◆ **Work instruction**
Take the line containing "Printed Plush Robe" and every line below it through the end of the entries, and output them verbatim, pictures excluded.

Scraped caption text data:
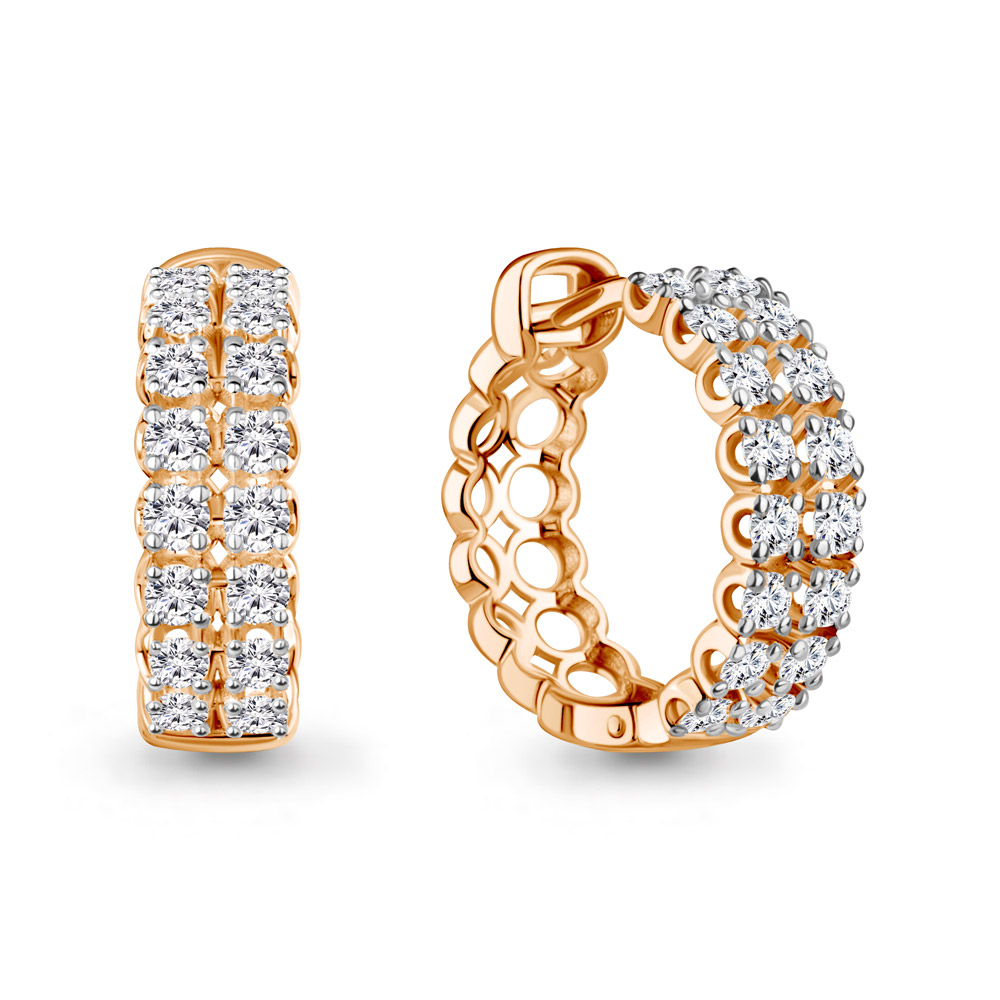 840093 Серьги из Золота с бриллиантами выращенными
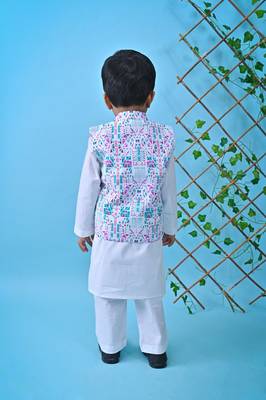 White Kurta Pant Printed Jacket 5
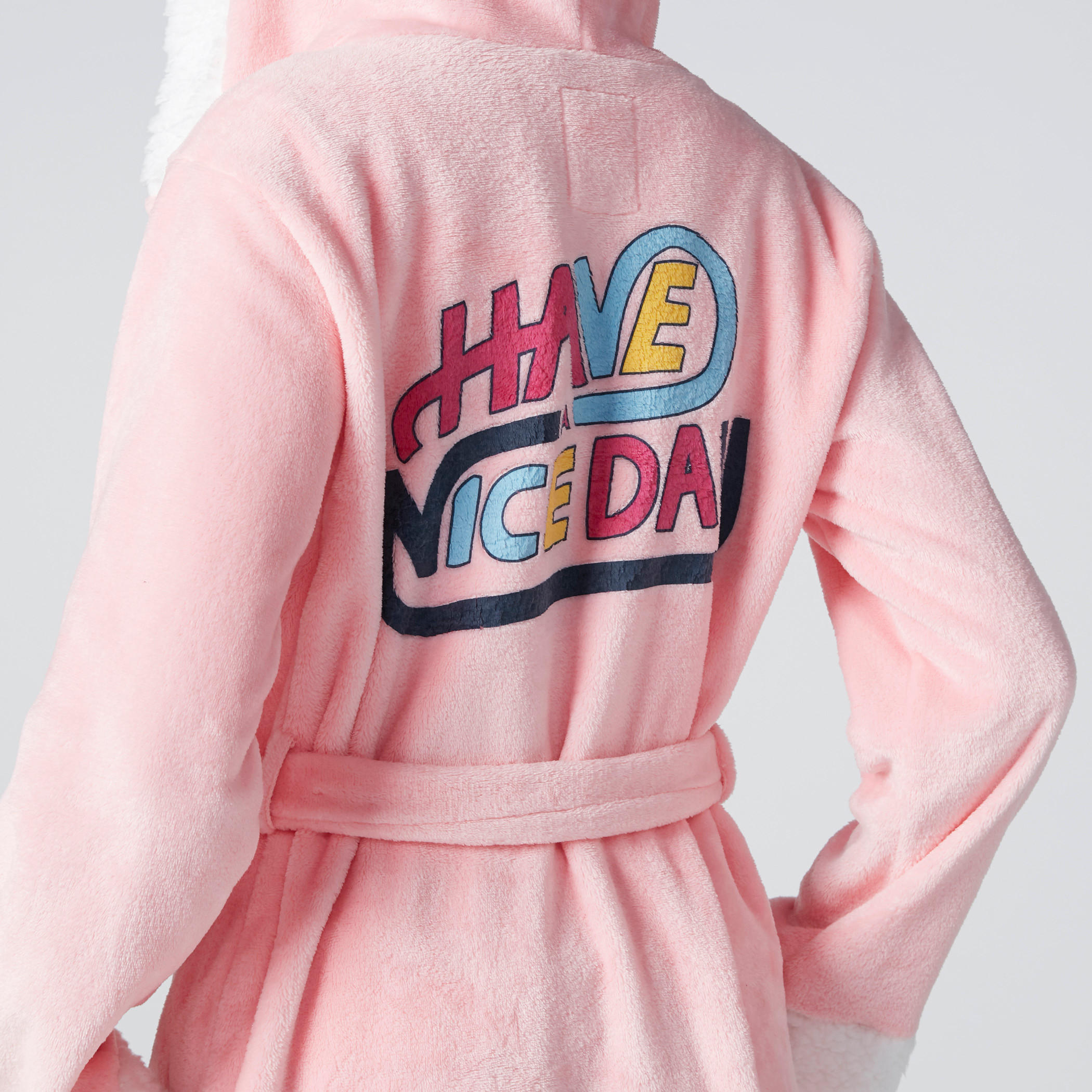 Printed Plush Robe with Long Sleeves and Tie Up Belt-women-clothing-nightwear-robes-image-4
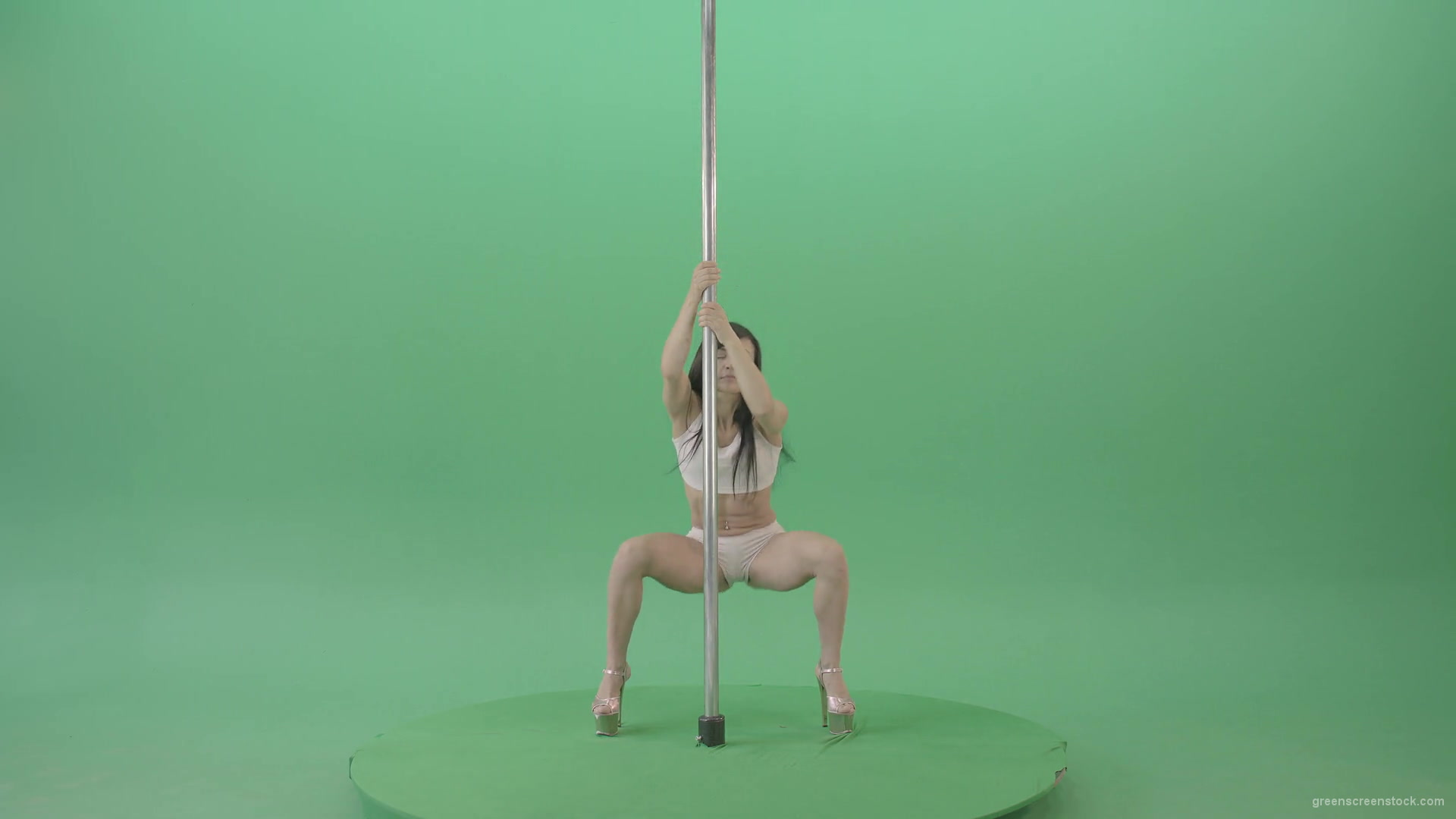 Pole-Dance-sport-girl-waving-sexy-body-isolated-on-green-screen-4K-Video-Footage-1920_006 Green Screen Stock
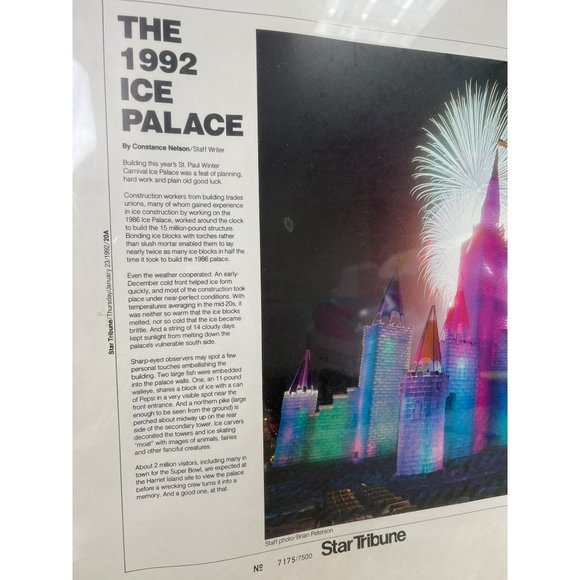 Vintage 1992 Ice Palace Framed Art - Picture 2 of 5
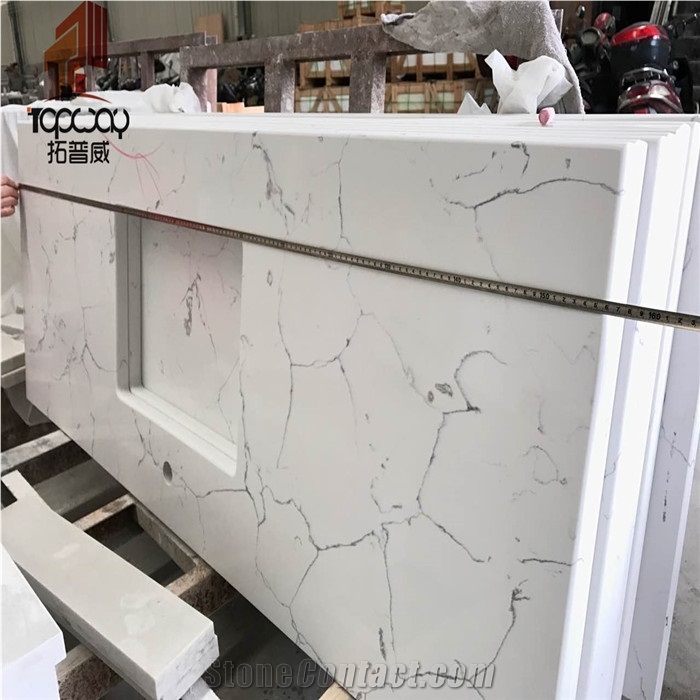 Carrara White Quartz Kitchen Countertop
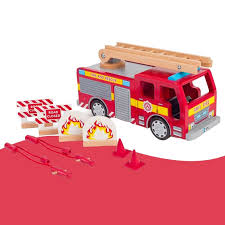 0,85 x 0,72 x 0,46 m platines de fixation au sol ossatures en lamellé collé volants en stratifié hpl tubes aluminium ø40 roues. Camion De Pompier Bois Grande Echelle Bigjigs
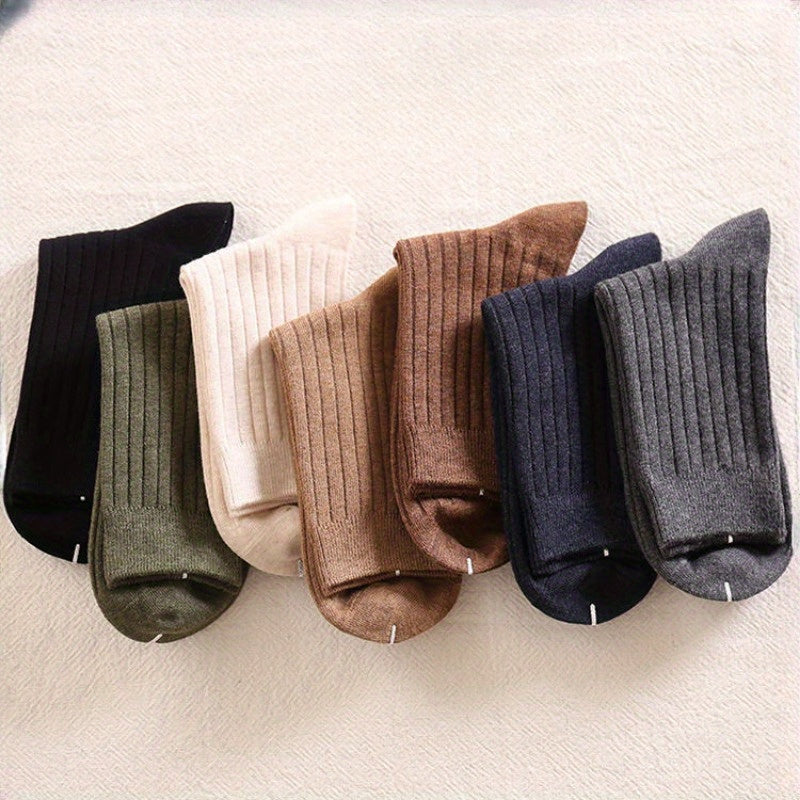 Men's Crew Socks 5 Pairs Solid Knit Breathable Casual All-Season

◆ **Response**
 Printed Plush Robe with Long Sleeves and Tie Up Belt-women-clothing-nightwear-robes-image-4
 Pole-Dance-sport-girl-waving-sexy-body-isolated-on-green-screen-4K-Video-Footage-1920_006 Green Screen Stock
 Vintage 1992 Ice Palace Framed Art - Picture 2 of 5
 Carrara White Quartz Kitchen Countertop
 0,85 x 0,72 x 0,46 m platines de fixation au sol ossatures en lamellé collé volants en stratifié hpl tubes aluminium ø40 roues. Camion De Pompier Bois Grande Echelle Bigjigs
 Men's Crew Socks 5 Pairs Solid Knit Breathable Casual All-Season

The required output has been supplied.